There are currently two relatively disparate branches of hydrology, consisting of hydrology as earth science and hydrology as engineering. In the former, hydrology often looks at the land surface as a pristine system, unaffected by humans and governed by our understanding of the system’s physics. In the latter, humans are seen as an integral component of the system, yet these studies tend to be applied and narrowly focused on addressing a specific water problem. Given the extensive imprint of humans on the hydrological cycle in almost every part of the globe and the need for fundamental mechanistic understandings for prediction, these two approaches should move towards and learn from one another.

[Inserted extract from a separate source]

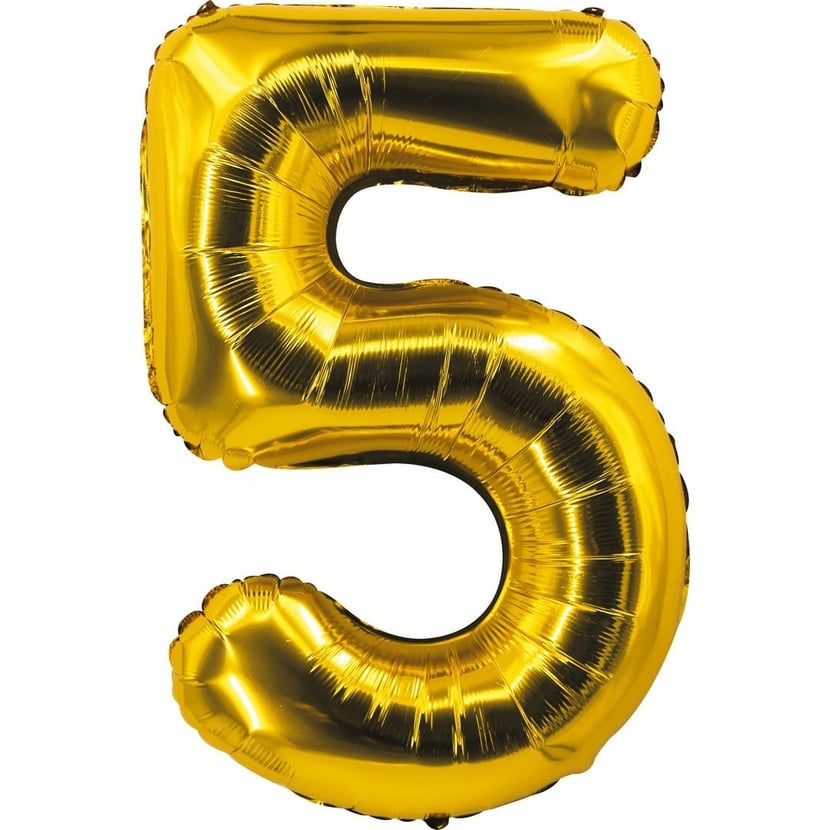 media/mkp/f326f03b3bef417cb289e2ac46e2cc12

Hydrologic systems face significant changes, both from climate and humans, and to understand these changes we need tools that are based on the physical understanding of the natural system and incorporate the activities and feedbacks with human systems. Non-stationarity exists due to climate change as well as changes to the watershed structure (e.g. land use change, engineering works, etc.). The hydrology of the system does not exist in a black box, unaffected by other systems, and is interconnected with climatic, ecological, social, and earth surface changes. As such, there can also be feedbacks with society; human settlement patterns and economic activity are often dependent on freshwater availability, and humans alter the natural system to suit their needs.

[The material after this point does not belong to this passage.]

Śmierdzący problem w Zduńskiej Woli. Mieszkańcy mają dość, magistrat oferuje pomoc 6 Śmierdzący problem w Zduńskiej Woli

In order to understand the coupled natural-human system, we need both process-based, universal hydrology laws for human landscapes that are not place-based and studies that focus on a holistic understanding of a particular system. What is critical is a fundamental understanding of human-hydrologic systems that builds upon both the earth science and engineering traditions in hydrology. Additionally, concepts from Earth system science can inform hydrology about the context, approaches to prediction as well as theoretical approaches to better understand and predict the hydrologic cycle and its human modifications within the setting of the whole Earth system.

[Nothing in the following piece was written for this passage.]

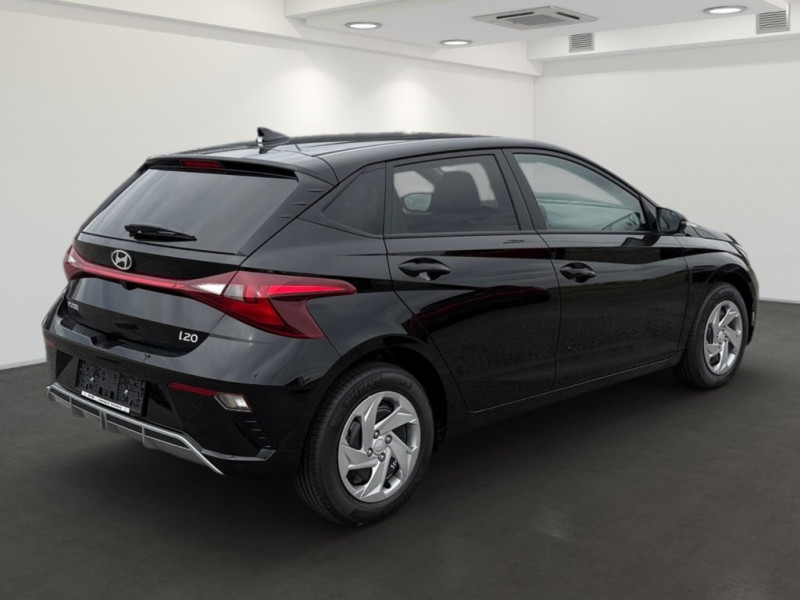i20 (BC3) GO 1.0 T-GDI b6bg1 - 2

This special issue will explore this research space, with papers that address both our fundamental understanding of these coupled systems as well as case studies that focus on place-based issues. It will serve as a common ground for researchers interested in addressing coupled natural-human hydrology questions and problems to share their research. More broadly, it is our hope that this special issue will serve as a catalyst for dialog in the hydrologic and the broader earth sciences community about how to address the water problems facing different regions while viewing the hydrologic system as a system that is governed by universal laws, modified by humans, constantly in a state of change, and intertwined with many other systems, particularly the earth system at large.